A Japanese Psychiatrist at the foot of Mount Koya

A Japanese psychiatrist offering psychiatric services that combine Western medical treatment, Chinese herbal medicine, psychotherapy, and alternative/complementary medicine with the latest technology.

Rheumatoid arthritis (RA) is a chronic inflammatory condition that affects millions worldwide, potentially increasing the risk of developing dementia, a condition with significant social and economic impact. The link between RA and dementia suggests that inflammation plays a crucial role in both conditions. This has led scientists to explore whether medications used to treat RA, known as disease-modifying antirheumatic drugs (DMARDs), could also influence the risk of developing dementia.
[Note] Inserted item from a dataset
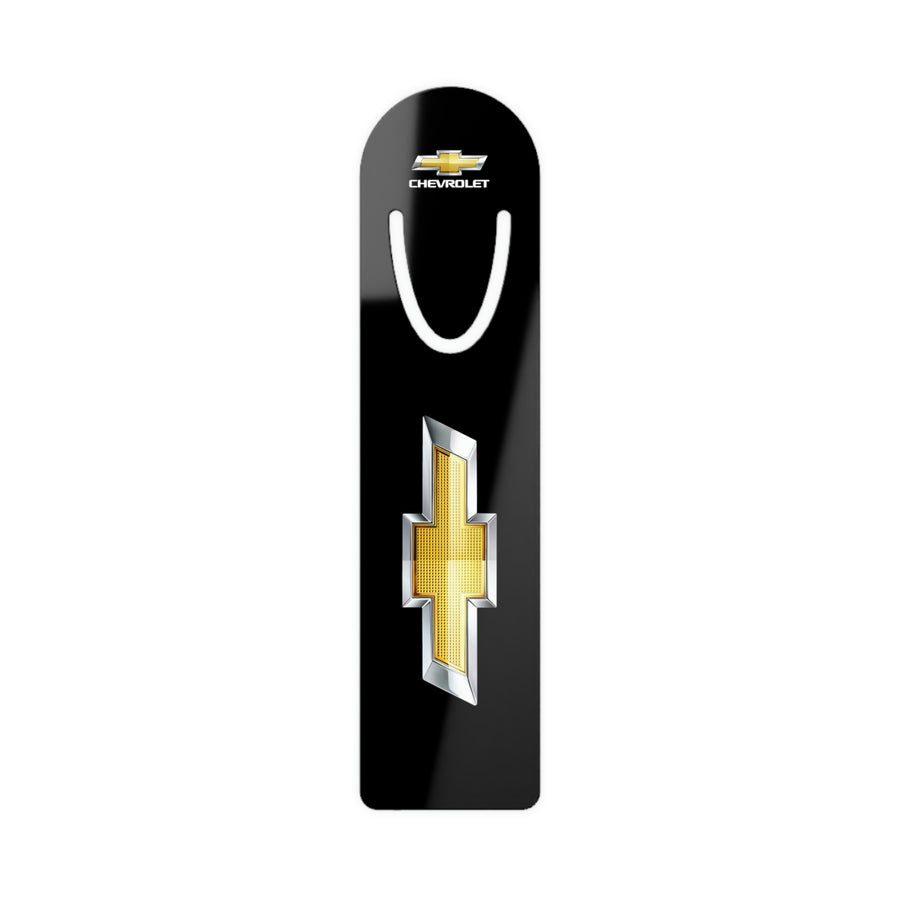 Black Chevrolet Bookmark™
A comprehensive review of existing research, involving nearly a million RA patients, discovered intriguing insights. The study found that patients treated with biological DMARDs (bDMARDs), which are advanced therapies targeting specific components of the immune system, had a notably lower risk of developing dementia compared to those on conventional synthetic DMARDs (csDMARDs), which are traditional medications used to treat RA. Specifically, the risk reduction was about 24% for those on TNF inhibitors, a type of bDMARD, and similarly for other non-TNF biologics.

Interestingly, different types of TNF inhibitors showed varying levels of effectiveness in reducing dementia risk, with etanercept being the most effective, followed by adalimumab and infliximab. This suggests that not all bDMARDs are equal in their potential neuroprotective effects. However, the study found no significant reduction in dementia risk for RA patients taking csDMARDs, like methotrexate or hydroxychloroquine, except for sulfasalazine, which was associated with an increased risk of dementia.
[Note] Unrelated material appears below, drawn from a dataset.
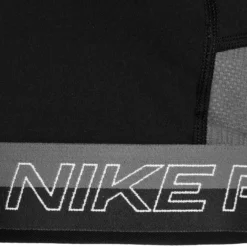 Nike Dri-Fit Performance Cropped Canottiera Donna - Nero, Grigio -Vendite Racchette da tennis 56703000 10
These findings highlight the possibility that bDMARDs, especially TNF inhibitors, might offer protective benefits against dementia in RA patients. This has important implications for selecting RA treatments for patients at high risk of dementia and suggests a new avenue for research into dementia prevention and treatment. Further clinical trials are needed to explore the neuroprotective potential of TNF inhibitors and other bDMARDs, potentially opening up new strategies for combating dementia.